William de Leftwich Dodge (March 8, 1867 - March 25, 1935) was an American artist best known for his murals, which were commissioned for both public and private buildings.

==Early life and education==
Dodge was born at Liberty, Virginia, in the Piedmont near Lynchburg. In 1879, his mother, Mary de Leftwich Dodge, an aspiring artist, moved her family to Europe. After living initially in Munich they moved to Paris, where she worked on art. Dodge later followed her example and became an artist. He spent most of his childhood years in France, where his mother was working on art. He studied at the École des Beaux Arts and took first place in the examinations in 1881. He also studied under Jean-Léon Gérôme and with Raphaël Collin at the Académie Colarossi, and traveled to Munich for studies there.

==Career==
===Early commissions===
Dodge received early commissions that gained him attention in the United States, first at the Columbian Exposition of 1893 in Chicago where his mural "Glorification of the Arts and Sciences" adorned the interior dome of the Administration Building. The exposition was held to mark the 400th anniversary of Christopher Columbus's arrival in the New World. He was living in Paris when he applied for commissions for mural works for the Library of Congress, which he completed in 1895.

===New York City===
After he and his family settled in New York, Dodge taught at the Art Students League of New York and at Cooper Union.

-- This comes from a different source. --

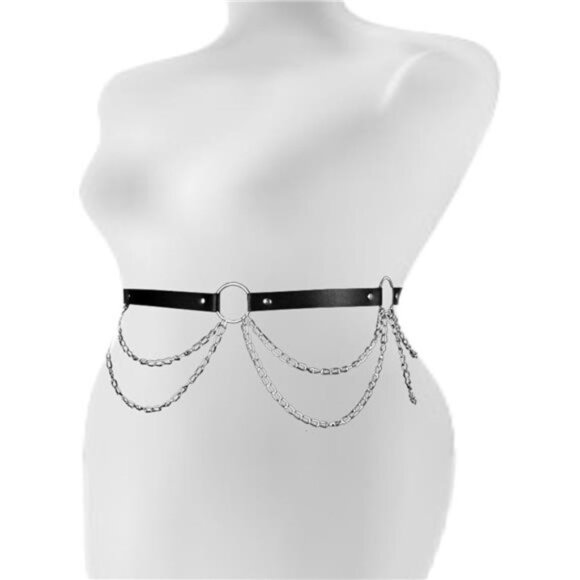 Waist Belt Fashion Harness Body Chest Belt With Chains - Lp-179-xxxl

He became known as a muralist when the genre was at a peak of popularity, commissioned for major public buildings as well as hotels and mansions. Murals were seen as a kind of art that could reach directly to the people. Dodge drew on a variety of styles for his murals, settling on a heroic, neoclassical look. Achieving success with commissions for his murals, Dodge designed his family home in Setauket, Long Island, in 1906, the classical Villa Francesca, named after his wife.

In his private work, Dodge's paintings show the influence of Impressionism and Fauvism. Toward the end of his career, Dodge became interested in Mayan art. His work is held in the permanent collections of the Metropolitan Museum of Art and the National Academy of Design.

==Personal life==
Dodge's completion of a series of murals for the Library of Congress in 1895 enabled him to marry Francesca (Fanny) Theodora Bland Pryor, daughter of Sara Agnes Rice Pryor and Roger Atkinson Pryor of Virginia and New York. Her mother was a civic activist and author who published several books in the early 1900s; her father was an attorney and became a justice of the New York State Supreme Court.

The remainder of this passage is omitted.